Not wanting to be left out, the local Tyroler drinks his Gösser, steals the American’s gun, shoots the German and says, ‘In Tyrol, we have so many Germans, we don’t have to drink with the same one twice’.
(The Tyrol region in western Austria is an extremely popular holiday destination for Germans for its skiing and hiking season. There is no real industry in the area aside from tourism.)
Coming from the same realm as ‘Knock, Knock’ jokes, Alle Kinder humour follows a specific structure which can be used to make extremely dark and hilarious jokes.
The basic structure is:
All the children are [doing some activity] except [child’s name] who… [a word that must rhyme with the child’s name].
Example: All the children are playing with knives except for Ted who is now dead.
A German example: Alle Kinder laufen in den Bunker, nur nicht Beate, die fängt die Granate. [All the children run in the bunker, except for Beate, who caught the grenade].
Antiwitze jokes come from the kind of humour that is so absurd, you can’t help but laugh and are what Americans would probably file under the ‘Dad jokes’ category.
First example: Two muffins are next to each other baking in the oven. Suddenly, one of them says, ‘Is it hot in here or is it just me?’ to which the other muffin replies, ‘Oh my god—it’s a talking muffin!’
Second example: Two guys are walking over a bridge. One falls in the water, the other is called Helmut.
This category of jokes makes fun of the sort of old-timey wisdom you might find in a Farmer’s Almanac (Bauernregeln means ‘farmer’s rules’ or weather lore)—something along the lines of ‘April showers bring May flowers’. The point of these jokes is to fit as much filthy nonsense into an otherwise anodyne rhyming couplet.
Nimmt der Ochse ein Kondom, lacht der Kuhstall voller Hohn!
(If the ox were to use a condom, the whole barn would laugh at him.)
Wenn es nachts im Bette kracht, der Bauer seine Erben macht.
(When the bed creaks in the night, the farmer is making his inheritance.)
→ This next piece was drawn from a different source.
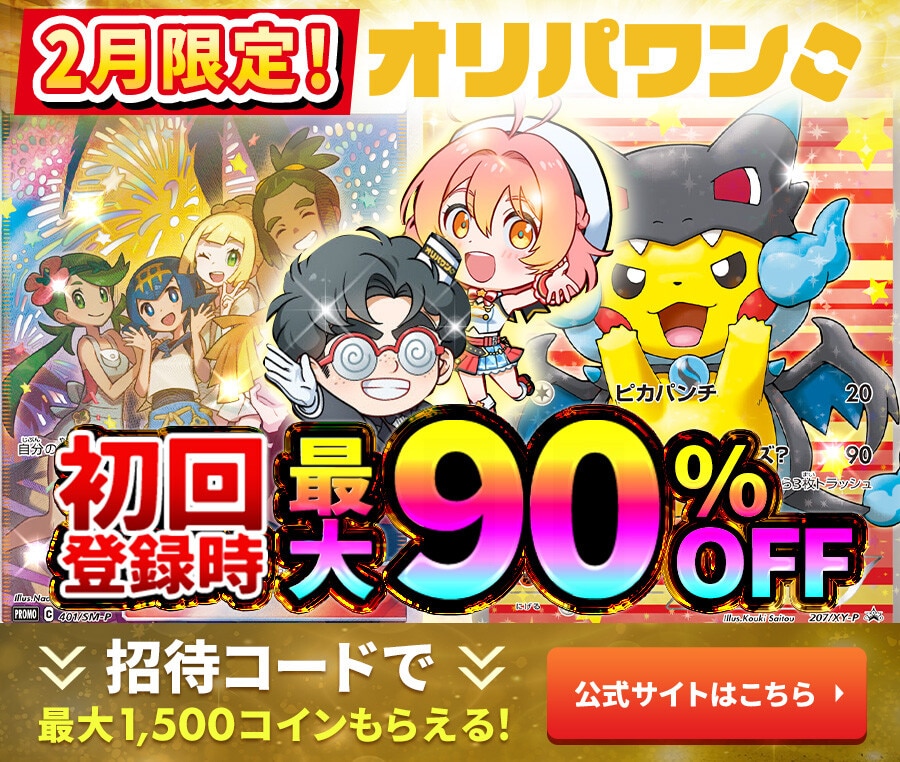 お公家さまと舞妓はんピカチュウの買取価格推移と値段相場！PSA10の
This one requires some explaining, and even then it isn’t funny. Before you try understanding it yourself, it’s important to know that in most German government and public buildings, the bathrooms are numbered 00:
A man says to his colleague, ‘Hey Stefan, how was your vacation?’ ‘Terrible’, Stefan replies. ‘I stayed in Room 100 and on the first day, the number 1 fell off the door.’
In Germany, the butt of idiot jokes are always people from the East Frisian Islands in the North Sea. Any joke you can think of involving a blonde or a Newfoundlander will work with an Ostfriese.
A classic example:
An East Frisian spaceship captain is addressing his crew. ‘Everybody’, he says proudly, ‘I’m very excited to announce that we are finally ready to embark on our mission to the sun. We will be the first in the world to do it and I can’t wait to show everyone we’re not as dumb as they all say we are.’
‘But wait’, one of the astronauts ventures. ‘Isn’t it too hot?’ The captain rolls his eyes and says, ‘Jörg, it’s questions like that that give us East Frisians a bad reputation. I can assure you, heat will not be a problem. We’re travelling at night.’